For all I felt like utter crap, I got up and paced anyway, wanting to throw up. Legs can be for that too. Famed the world over for all I had done, vanquisher of Riji Kli-fas and Kallijas Itrean, conqueror of Arko, I now knew less than nothing. Make no mistake, going asa kraiya rips you back down right to the ground.

I ran back over our talk in my mind, straining to see clues. Why I could not hit Riji, him being human like me, me being gentle and sensitive (ha!), asa kraiya being the natural state… I saw about as much as a blind man in the deepest crack of a cave at midnight.

“Let me ask you this,” he said. “Riji was already victorious over you before you even closed, whether he, or you, knew it or not.

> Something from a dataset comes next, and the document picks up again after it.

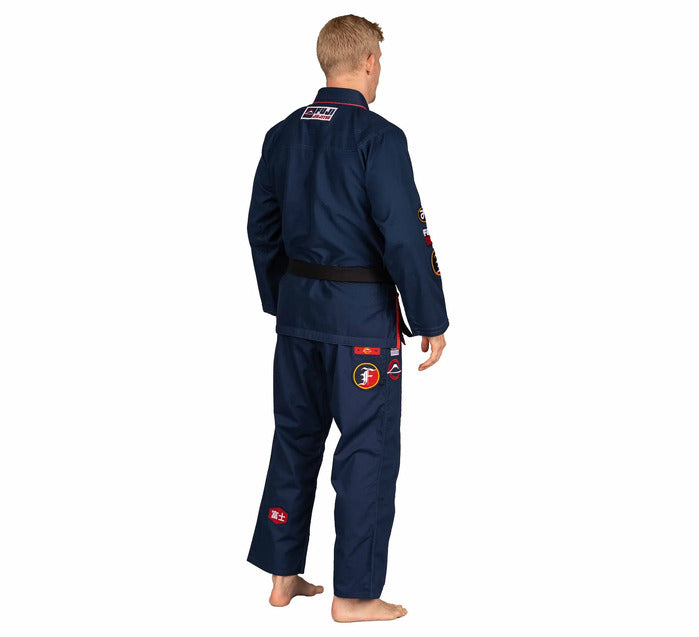 Fuji Suparaito BJJ Gi XTR Edition Navy 5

True?”

“True.” Asa kraiya and vomiting-averse to it or not, I still felt the sting on my pride. “I had no will—or ability, for that matter, or so it felt—to—ohhhh, I get it! I have to make everyone who attacks me go asa kraiya, right then and there! Well, kyash, no problem!”

“Exactly,” he said, with his most satisfied grin, as if I hadn’t been being sarcastic in the slightest.